Naviguant vertigineusement entre trois périodes (1915, 18896 et 1886), le film dresse le portrait d’une femme hors-normes, féministe, excessive (dans la générosité, la bravade, l’acidité, le rapport à l’argent et à la gloire, les peines du présent et du passé, etc.), ouvrant une fenêtre intime sur la fine frontière paroxystique séparant l’être de la star. Tourné dans de très beaux décors (signés Olivier Radot) mais toujours resserré sur sa protagoniste, le long métrage joue la carte du langage des émotions dans un climat un peu morbide où les douleurs de l’âme et du corps suintent sous la fièvre mondaine (on croise Émile Zola, Sigmund Freud et bien d’autres) envenimée par l’affaire Dreyfus.
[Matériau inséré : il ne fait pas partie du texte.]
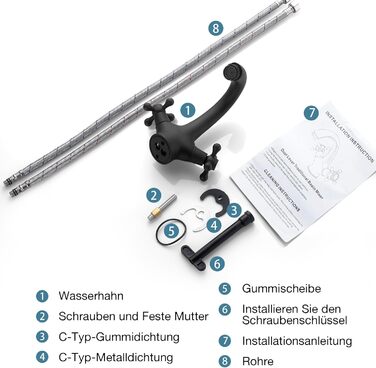 Чорний змішувач для ванної кімнати/умивальника з латуні, ретро стиль, 2-вентильний, G3/8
L’ensemble instille donc à la fois une sensation de qualité indiscutable et de bizarrerie malaisante ne devant sûrement pas déplaire au réalisateur mais éloignant le film des canons du biopic pour en faire une œuvre artistique hybride et plus clivante, en miroir d’un monstre de la scène qui affirmait : "il faut haïr très peu parce que c’est très fatigant, mépriser beaucoup, pardonner souvent et ne jamais oublier."

Sarah Bernhardt, La Divine a été produit par Les Films du Kiosque et coproduit par TF1 Films Production, Fils Prod et la société belge Umedia. Memento International pilote les ventes internationales.